*Work to be completed*
From the first line of the material to the line containing "Plaid Short Sleeve Shirt", inclusive, write out each line exactly, leaving out the pictures.

*Input*
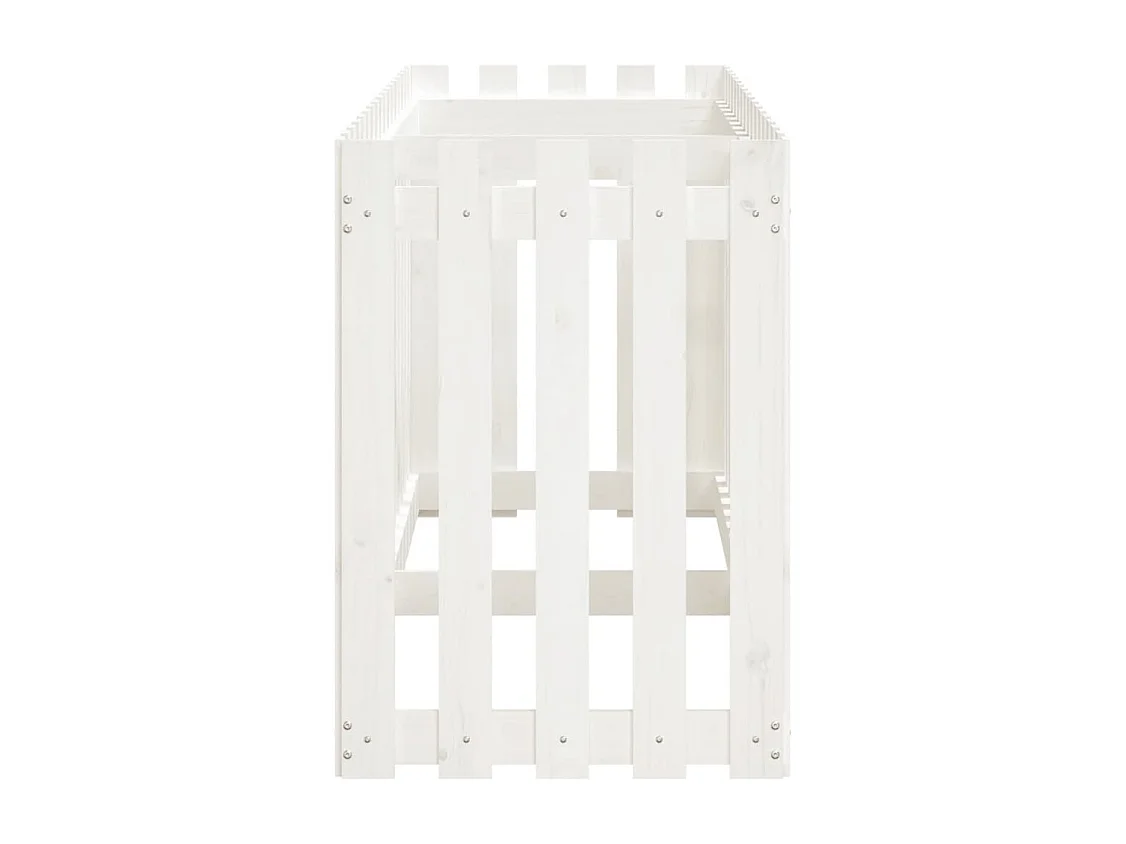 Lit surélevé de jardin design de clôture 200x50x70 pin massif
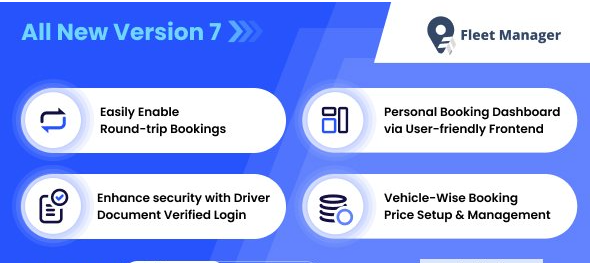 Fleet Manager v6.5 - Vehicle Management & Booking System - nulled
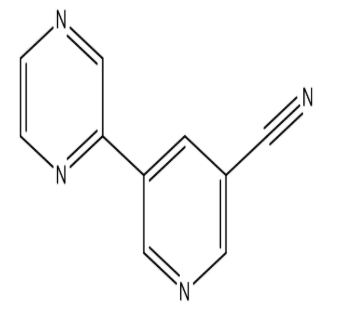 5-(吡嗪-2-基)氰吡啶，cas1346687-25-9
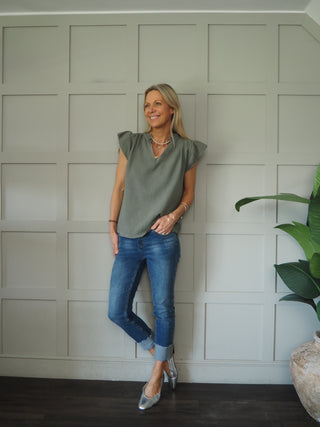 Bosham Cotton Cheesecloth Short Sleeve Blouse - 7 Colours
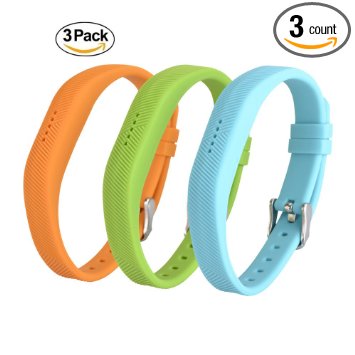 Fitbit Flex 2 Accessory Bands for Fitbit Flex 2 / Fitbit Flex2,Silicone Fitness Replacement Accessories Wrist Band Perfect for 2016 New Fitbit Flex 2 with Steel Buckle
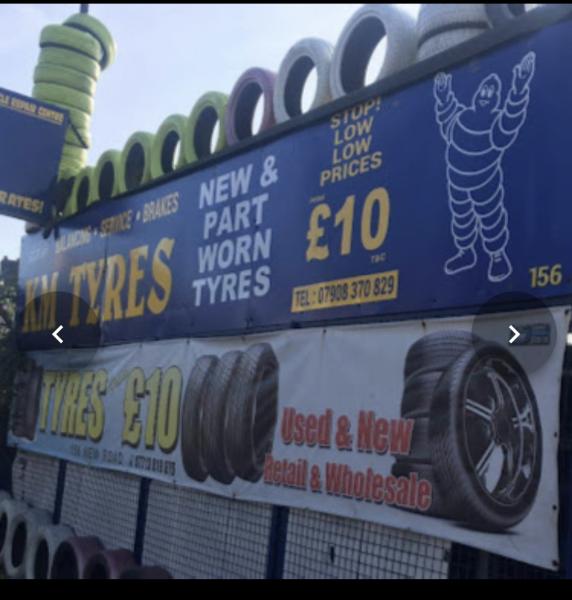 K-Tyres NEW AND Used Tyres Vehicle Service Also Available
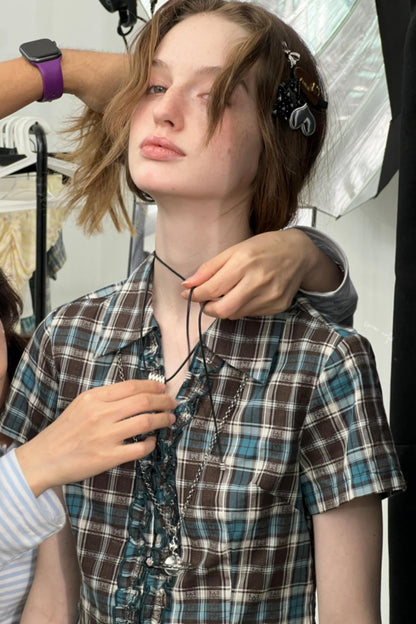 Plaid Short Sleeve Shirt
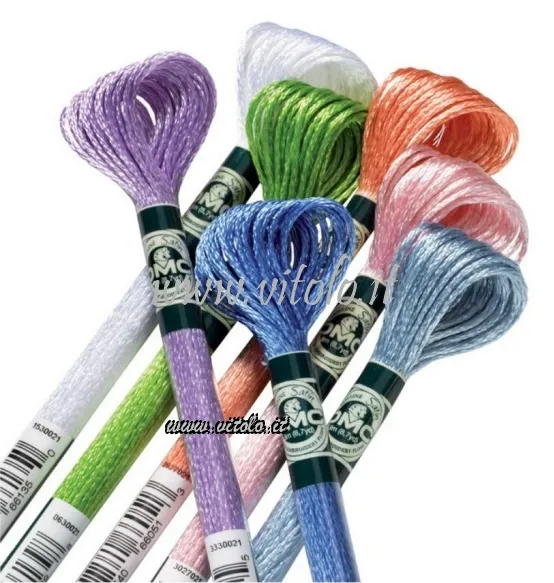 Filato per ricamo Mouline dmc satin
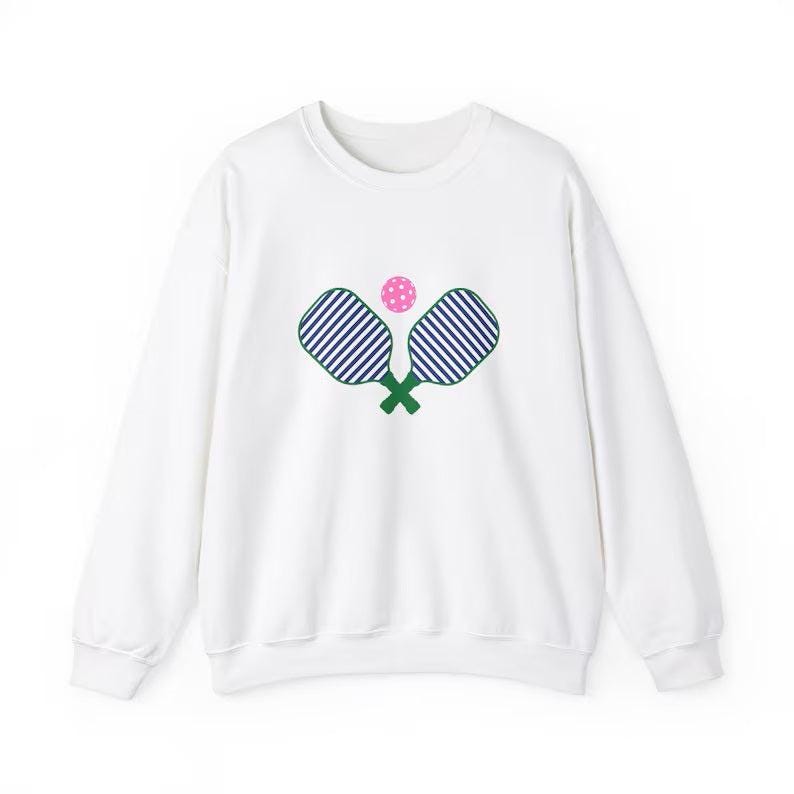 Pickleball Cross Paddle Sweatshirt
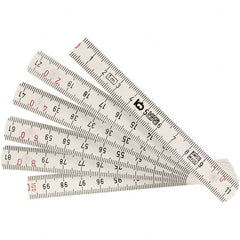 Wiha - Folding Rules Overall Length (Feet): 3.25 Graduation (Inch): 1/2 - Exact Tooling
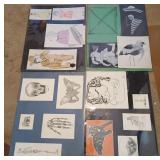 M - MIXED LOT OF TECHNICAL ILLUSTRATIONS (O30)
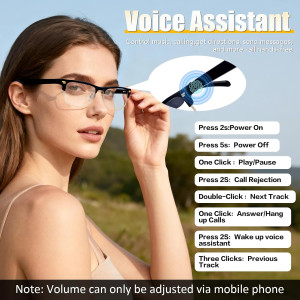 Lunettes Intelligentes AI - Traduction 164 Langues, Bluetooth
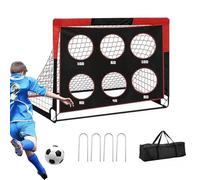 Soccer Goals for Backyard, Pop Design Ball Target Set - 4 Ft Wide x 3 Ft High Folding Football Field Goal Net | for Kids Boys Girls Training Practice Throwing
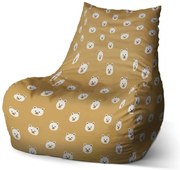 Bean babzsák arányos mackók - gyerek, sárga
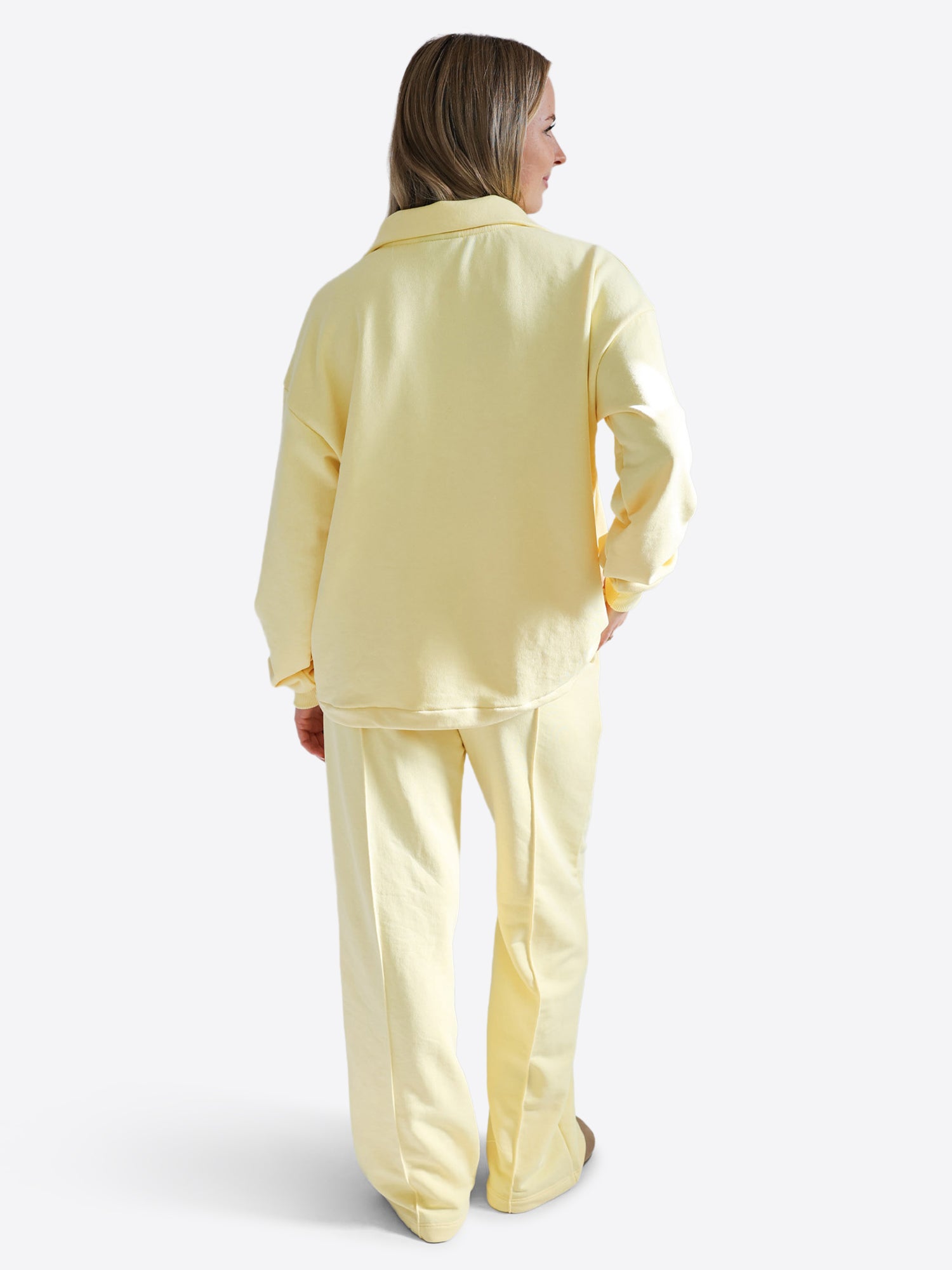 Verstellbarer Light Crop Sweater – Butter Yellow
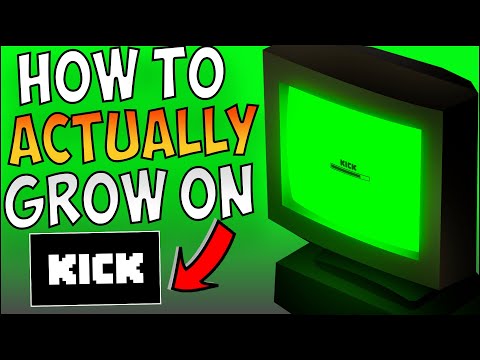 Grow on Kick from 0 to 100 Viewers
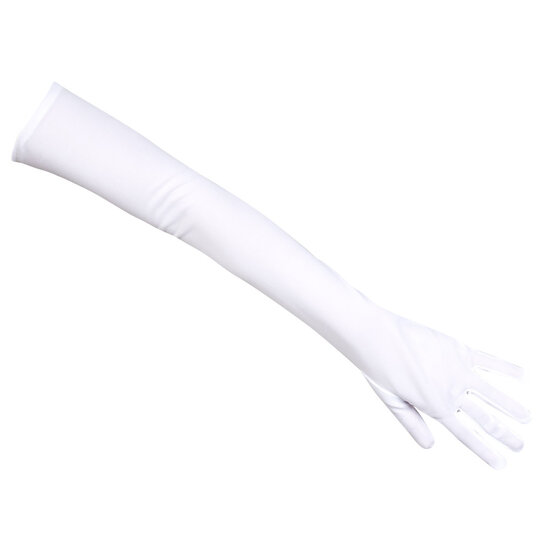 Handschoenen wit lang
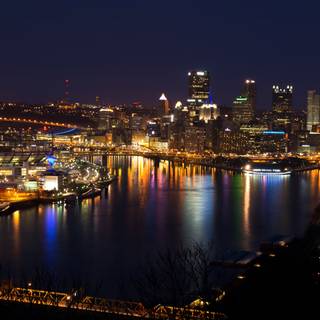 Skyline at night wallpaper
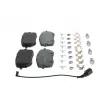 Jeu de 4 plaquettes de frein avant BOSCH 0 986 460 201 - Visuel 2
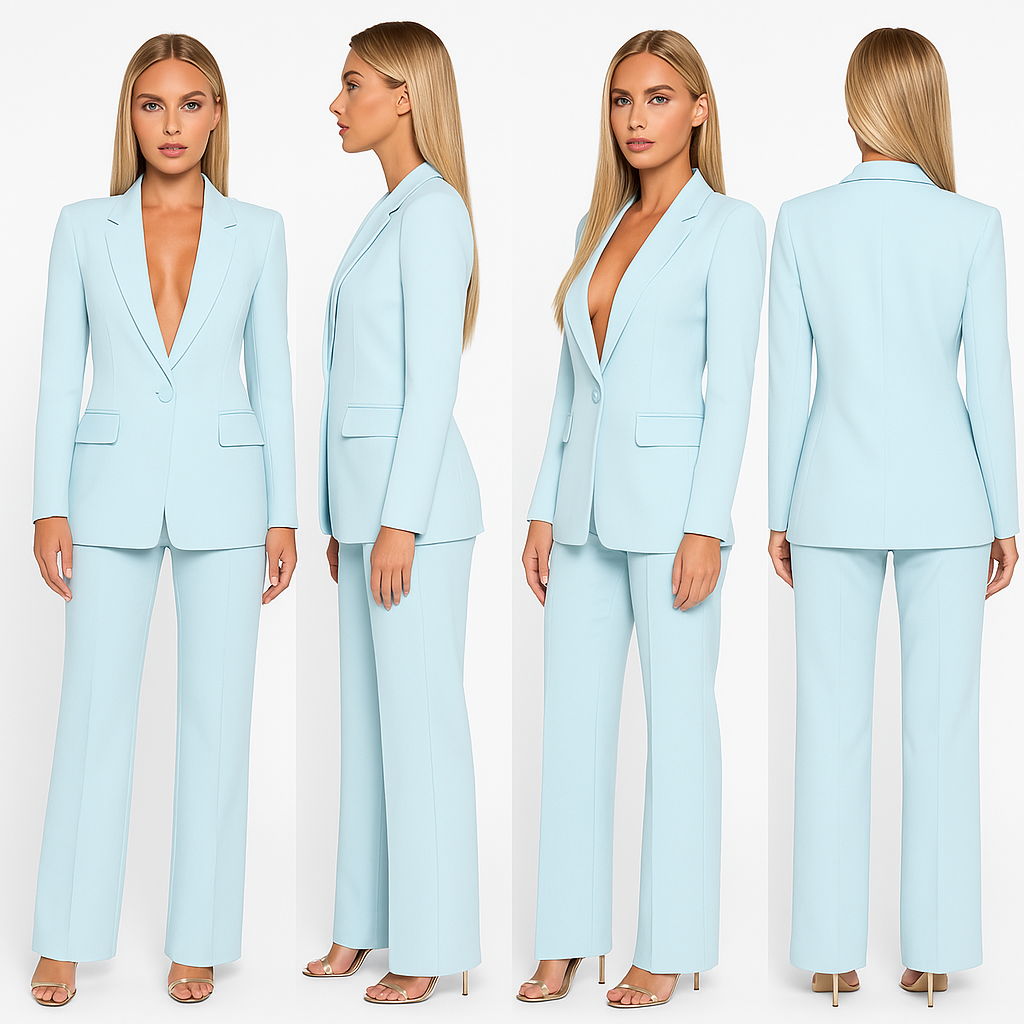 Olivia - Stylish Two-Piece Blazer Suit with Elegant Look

*Answer below*
 Lit surélevé de jardin design de clôture 200x50x70 pin massif
 Fleet Manager v6.5 - Vehicle Management & Booking System - nulled
 5-(吡嗪-2-基)氰吡啶，cas1346687-25-9
 Bosham Cotton Cheesecloth Short Sleeve Blouse - 7 Colours
 Fitbit Flex 2 Accessory Bands for Fitbit Flex 2 / Fitbit Flex2,Silicone Fitness Replacement Accessories Wrist Band Perfect for 2016 New Fitbit Flex 2 with Steel Buckle
 K-Tyres NEW AND Used Tyres Vehicle Service Also Available
 Plaid Short Sleeve Shirt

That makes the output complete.